**WORK TO COMPLETE**
Write each line below back out exactly, omitting its pictures.

**DATA EXTRACT**
● ● ● ● ●
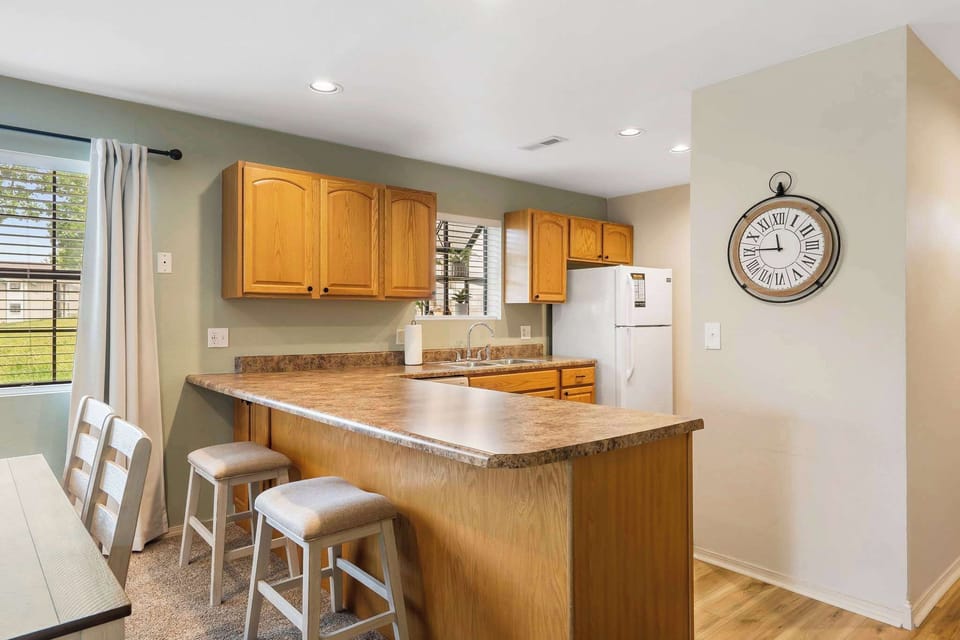 Condo, Multiple Beds, Patio, Garden View (Branson Cozy Bungalow) | Private kitchen | Coffee/tea maker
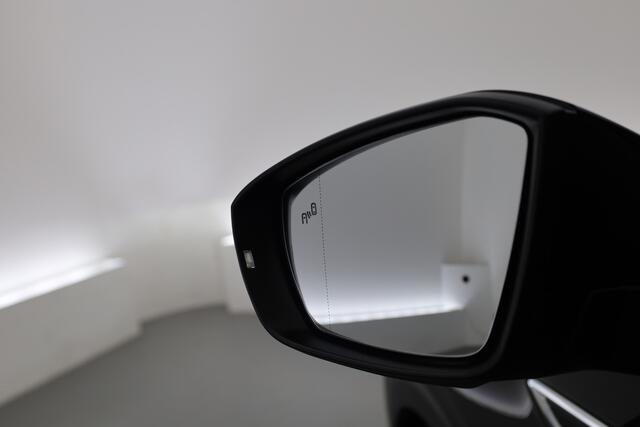 Volkswagen T-Cross 1.0 TSI R-Line | Dig. Cockpit | Trekhaak | Adapt. Cruise | Apple CarPlay | Stoelverw. | Navi | PDC V+A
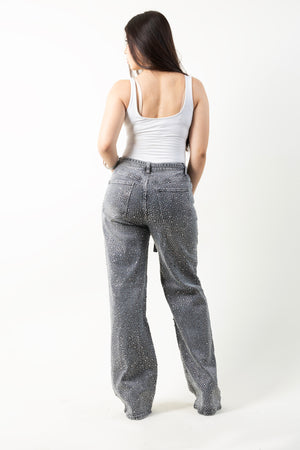 Modelo usando pantalon wide leg gris con brillos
● ● ● ● ●
**ANSWER BELOW**
 Condo, Multiple Beds, Patio, Garden View (Branson Cozy Bungalow) | Private kitchen | Coffee/tea maker
 Volkswagen T-Cross 1.0 TSI R-Line | Dig. Cockpit | Trekhaak | Adapt. Cruise | Apple CarPlay | Stoelverw. | Navi | PDC V+A
 Modelo usando pantalon wide leg gris con brillos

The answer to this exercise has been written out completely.